]> git.proxmox.com Git - mirror_frr.git/commitdiff
tests: Fix Daemon Killing to actually notice when a deamon dies
authorDonald Sharp <sharpd@nvidia.com>
Tue, 30 Nov 2021 00:33:48 +0000 (19:33 -0500)
committerDonald Sharp <sharpd@nvidia.com>
Tue, 30 Nov 2021 01:55:30 +0000 (20:55 -0500)
Lot's of the GR topotests kill daemons in order to test code
that deals with crashing daemons.  Under heavy system load
it was noticed that a kill command was sent and if told to
wait we would sleep 2 seconds send another kill command and
call it good.  This was causiing issues when subsuquent
json commands would get errors like `lost connection to daemon`
as the daemon finally shut down after some time due to load.

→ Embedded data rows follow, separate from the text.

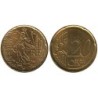 FRANCE - 20 cents - 2007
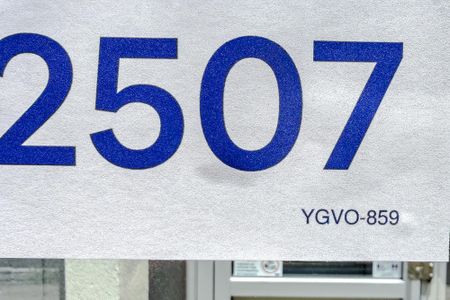 Studio para alugar com 20m², 1 quarto e sem vagaYGVO-859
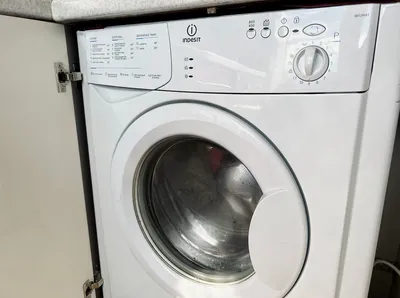 1к квартира на Красном проспекте 100/1 — sm.webp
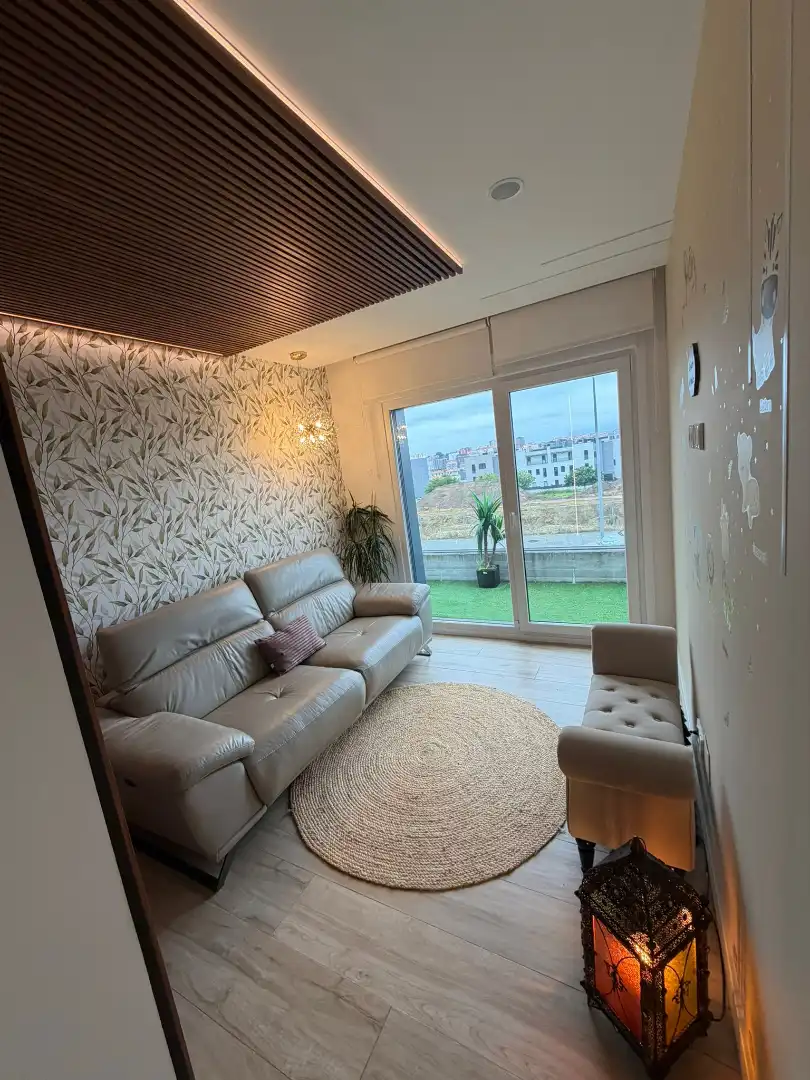 Villa avec terrasse à vendre à Calle Agapito García Rumayor 3, imagen 101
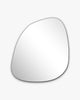 Blob Mirror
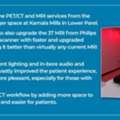 Experienced Radiologists In Mumbai For All Imaging Needs &ndash; Picture This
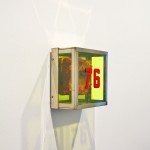 Berlin Gallery Weekend 2012 - Isabella Czarnowska_Paul Thek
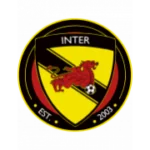 Inter Taoyuan Reserves logo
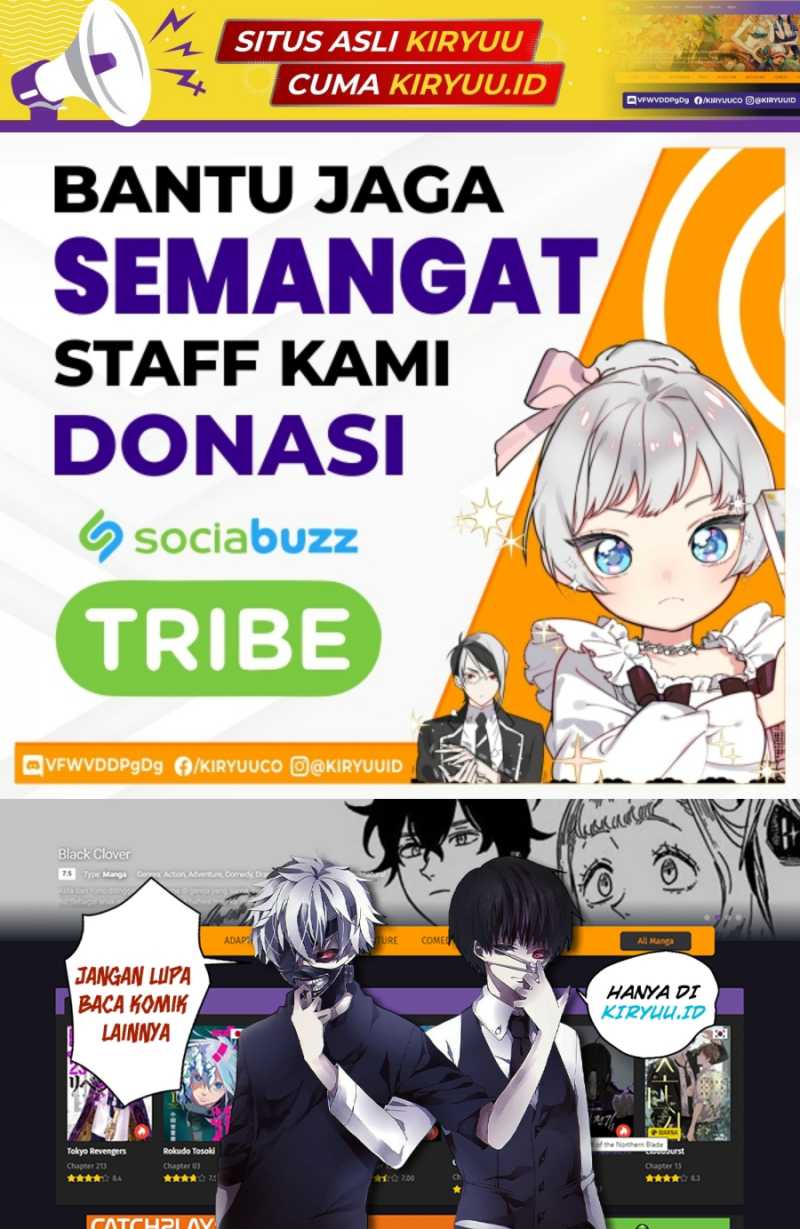 Reincarnation Of The Strongest Sword God Chapter 08 Gambar 24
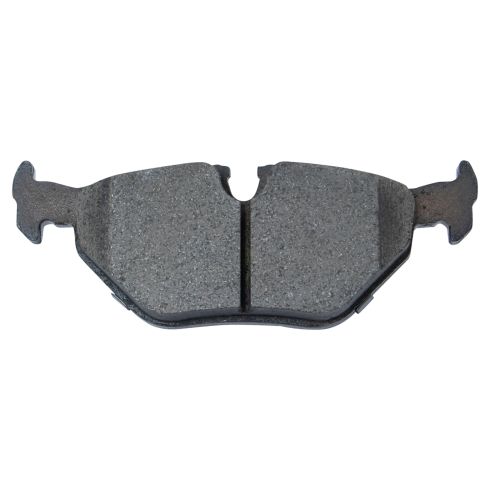 https://www.carmodpro.com/wp-content/uploads/A0001/1aauto/S02006.jpg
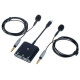 Комплект для звукозапису RODE SC6-L Mobile Interview Kit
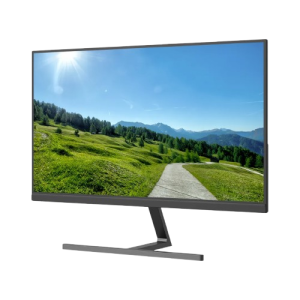 product-UNIVO-Monitor-UM22IS-100-behintechnology-0001-removebg-preview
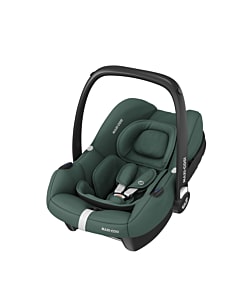 CabrioFix i-Size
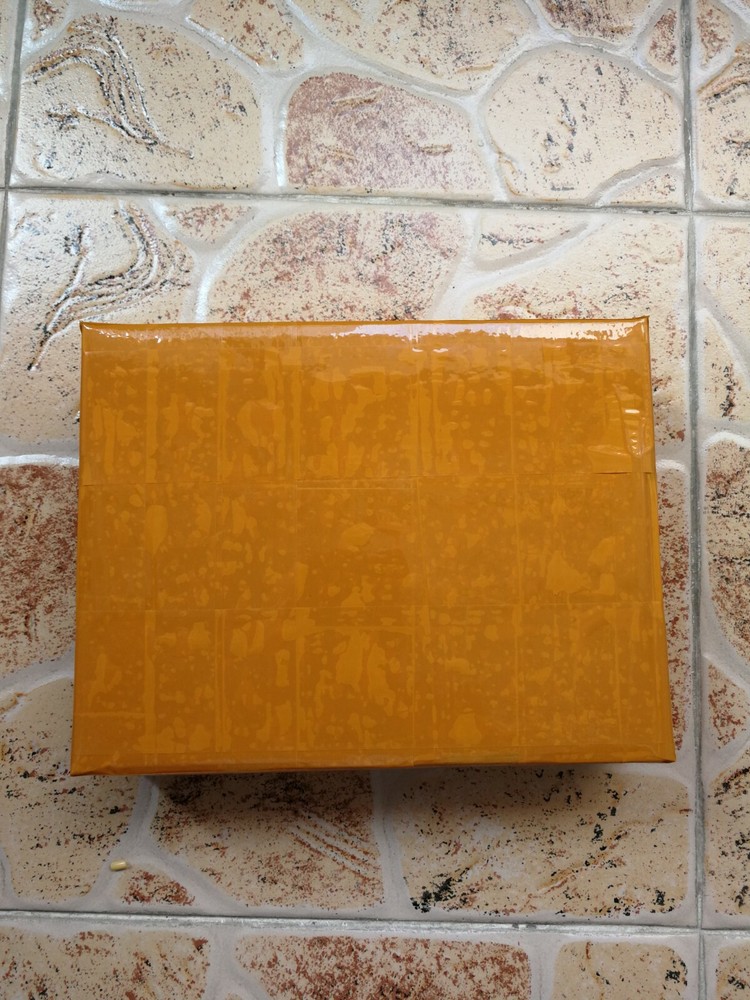 5.7'' TeeJet Matrix Pro 570G LCD display screen with touch panel replacement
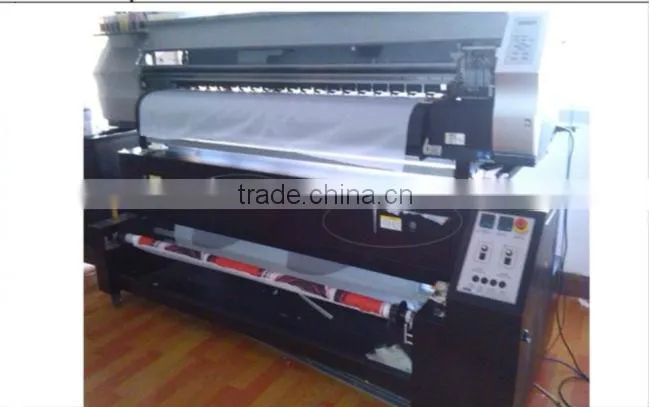 Sublimation heater for sale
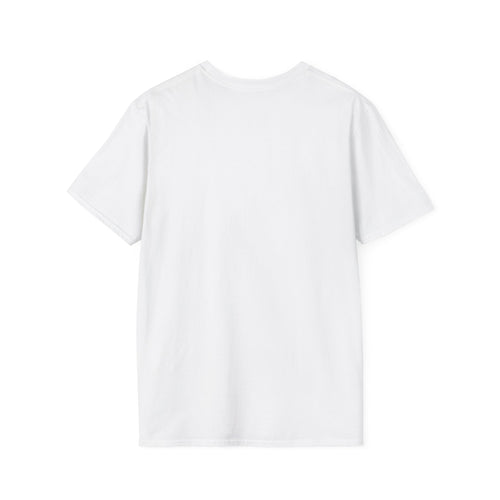PA Red Solo Cup Pocket T-Shirt – Party & College Tailgate Tee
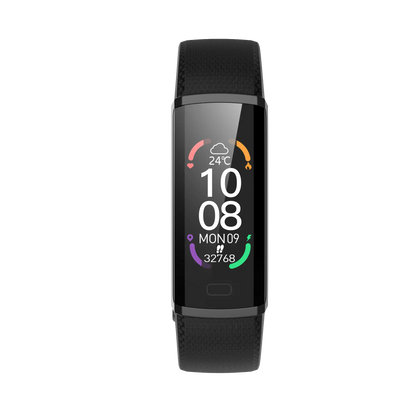 Aktivitetsarmbånd Motion Y15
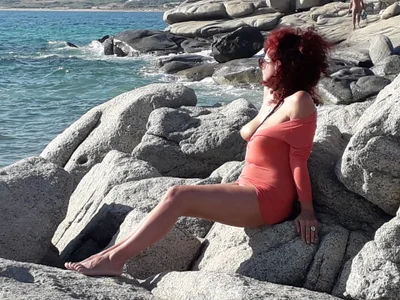 leopoldine: leopoldine foto ( 5 фото)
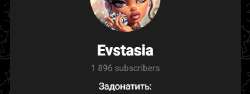 433x163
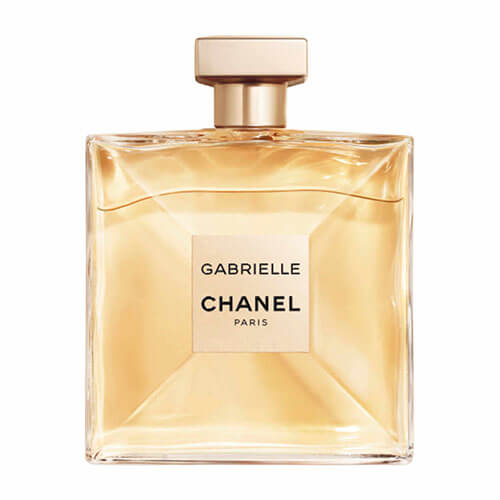 Chanel Gabrielle 100ml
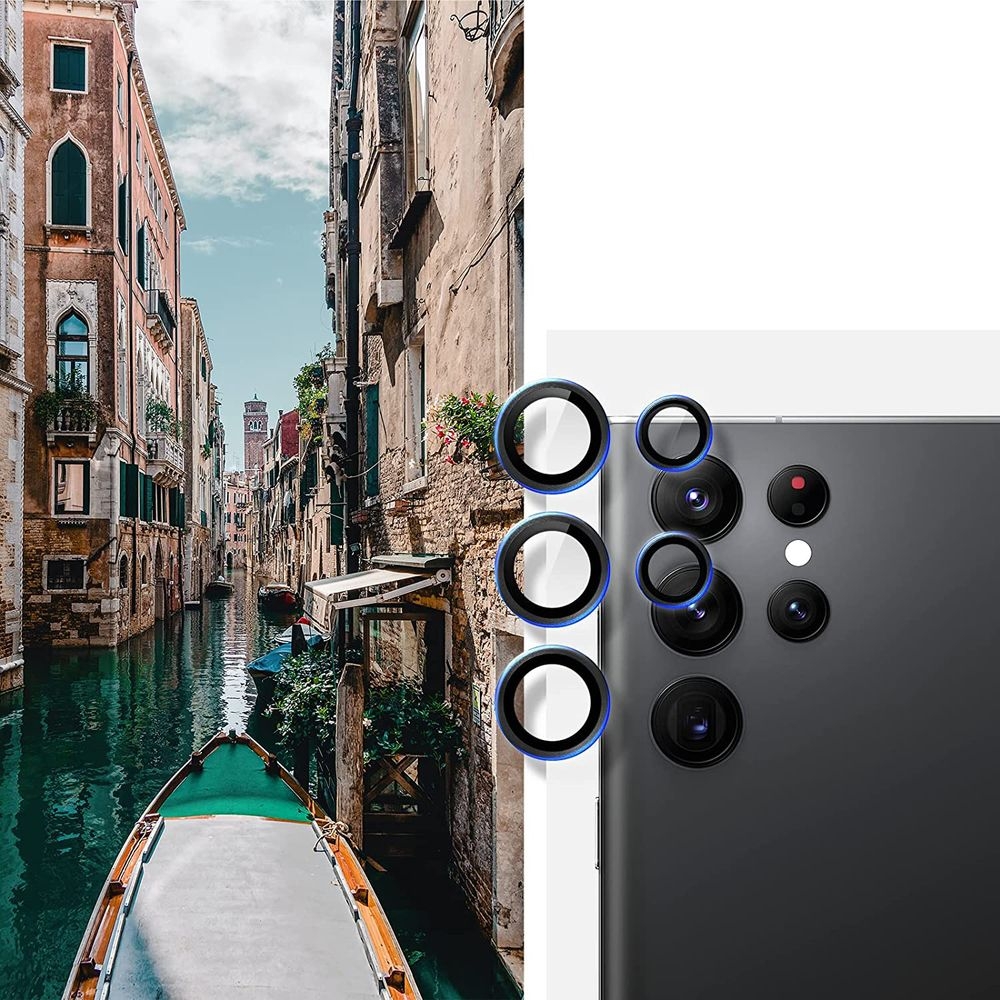 Product gallery 59241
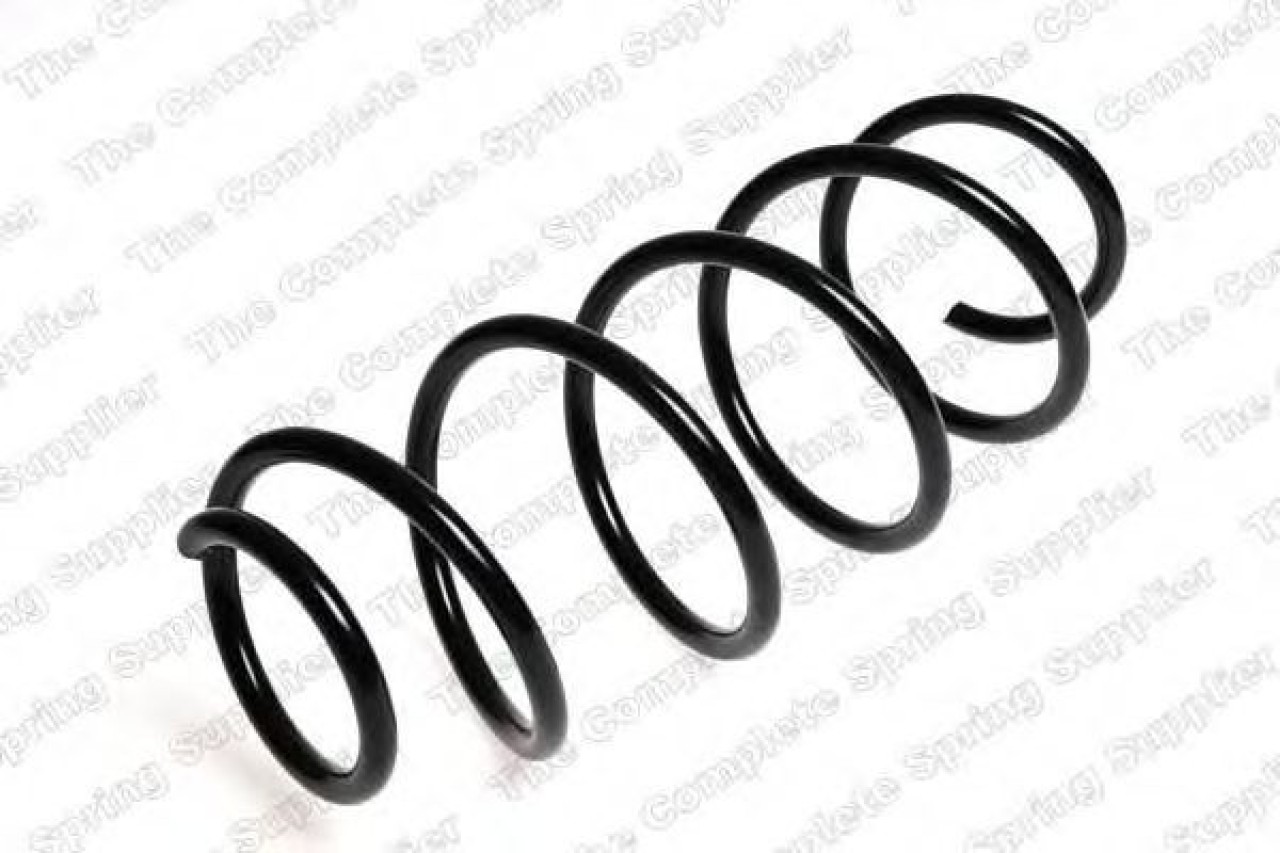 Arc spiral FORD FIESTA V (JH, JD) (2001 - 2010) KILEN 13403 piesa NOUA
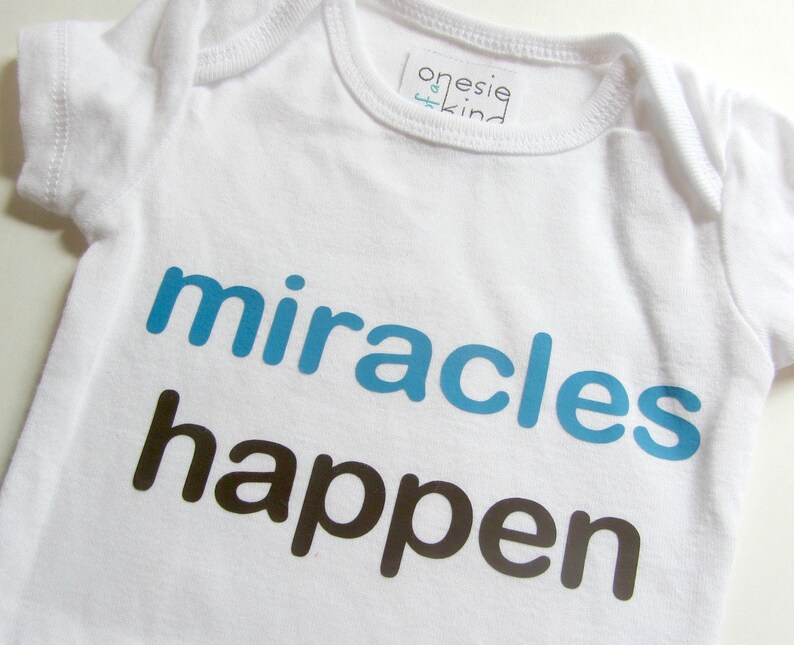 rainbow baby coming home outfit boy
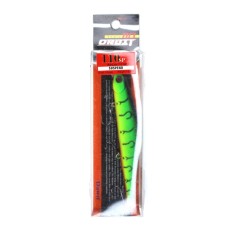 Воблер реплика Zip baits Orbit 110SP (16.5 гр) - 705R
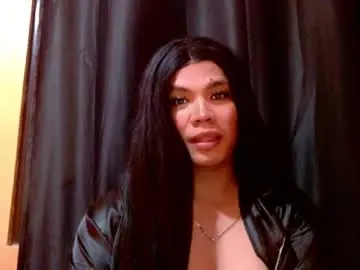 Chaturbate Free Porn Cam of foxli_xx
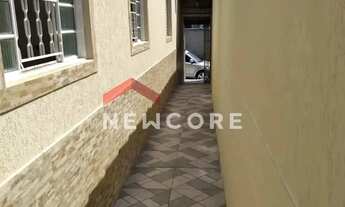 Imagem 5: Casa em Rua Pedreira - Parque Recanto Mônica - Itaquaquecetuba/SP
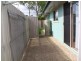Unit/2/13 Derby Street, Gladstone QLD 4680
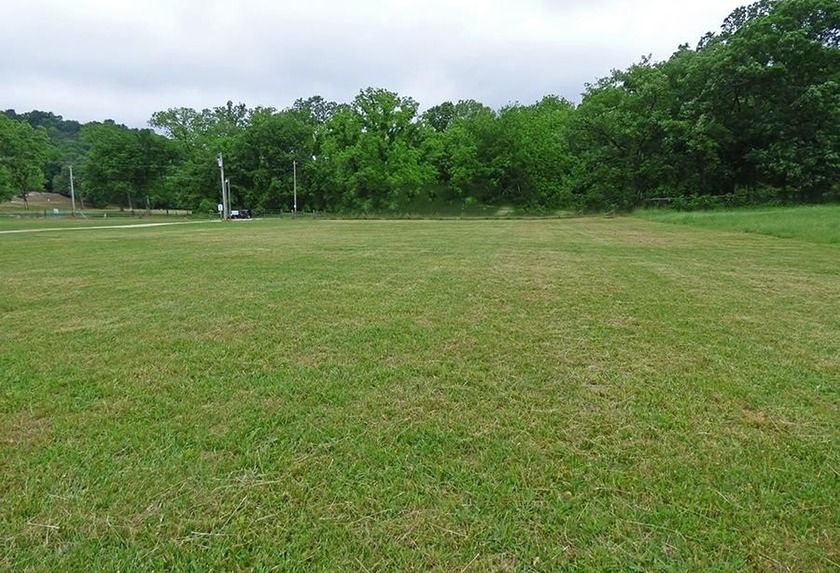 1.05 Acre Tract with a beautiful view of the South Fork River - photo 7
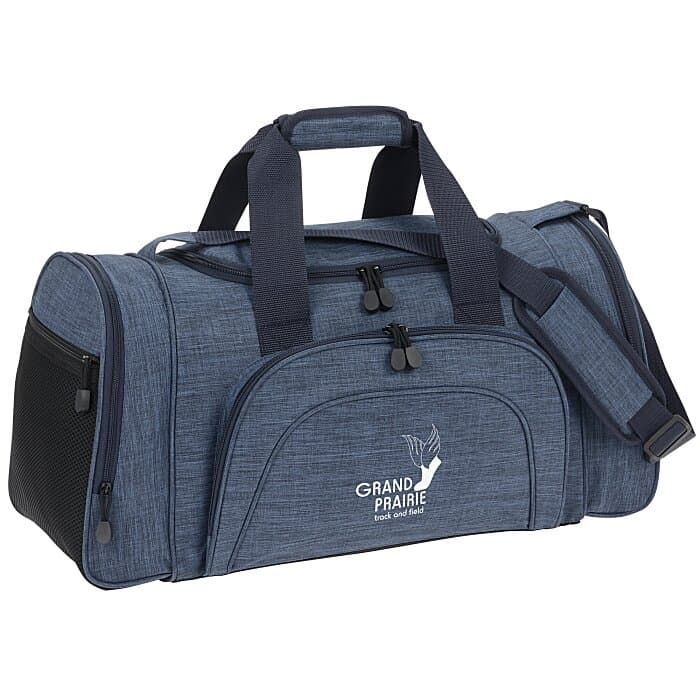 Elite 22-inch Travel Duffel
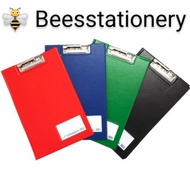 2100 Student File (F4)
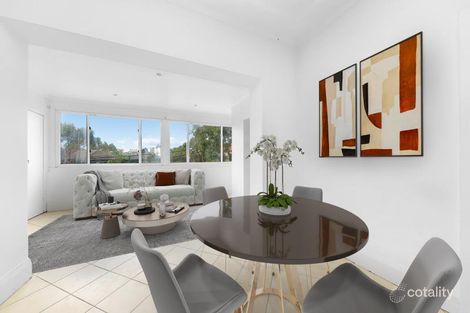 2/152 Old South Head Rd, Bellevue Hill, NSW 2023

Modify the kill the daemon function to notice that the daemon
was not actually killed and if we need to wait wait some
more time for it too happen

Signed-off-by: Donald Sharp <sharpd@nvidia.com>
tests/topotests/lib/topotest.py

index 4e613ce8ac7567f9f4eb832cc376496ae44c3cfe..6be644ac00a5999598e7a667f3f908ef1c06d475 100644 (file)
@@ -1859,7 +1859,7 @@ class Router(Node):
                             self.cmd("kill -9 %s" % daemonpid)
                             if pid_exists(int(daemonpid)):
                                 numRunning += 1
-                        if wait and numRunning > 0:
+                        while wait and numRunning > 0:
                             sleep(
                                 2,
                                 "{}: waiting for {} daemon to be stopped".format(
@@ -1883,7 +1883,11 @@ class Router(Node):
                                             )
                                         )
                                         self.cmd("kill -9 %s" % daemonpid)
-                                    self.cmd("rm -- {}".format(d.rstrip()))
+                                    if daemonpid.isdigit() and not pid_exists(
+                                        int(daemonpid)
+                                    ):
+                                        numRunning -= 1
+                        self.cmd("rm -- {}".format(d.rstrip()))
                     if wait:
                         errors = self.checkRouterCores(reportOnce=True)
                         if self.checkRouterVersion("<", minErrorVersion):